- Exercise data:
·····
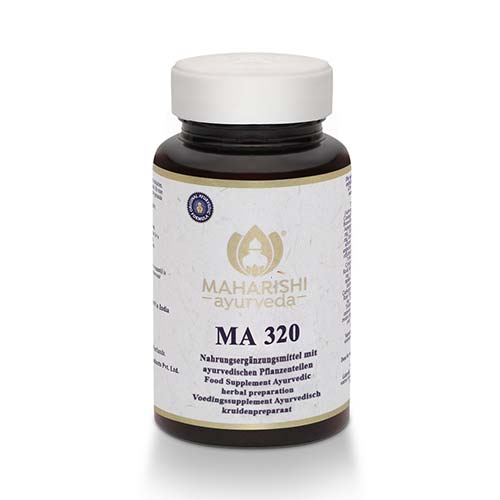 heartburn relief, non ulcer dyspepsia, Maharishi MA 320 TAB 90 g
·····
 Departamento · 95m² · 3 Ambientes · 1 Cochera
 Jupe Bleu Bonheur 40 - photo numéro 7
·····
- Problem details:
Using only the entries above, output the line with "Departamento · 95m²", the line with "Jupe Bleu Bonheur 40 - photo numéro 7", and all lines between them, exactly as they stand.

- Completed task:
 Departamento · 95m² · 3 Ambientes · 1 Cochera
 Jupe Bleu Bonheur 40 - photo numéro 7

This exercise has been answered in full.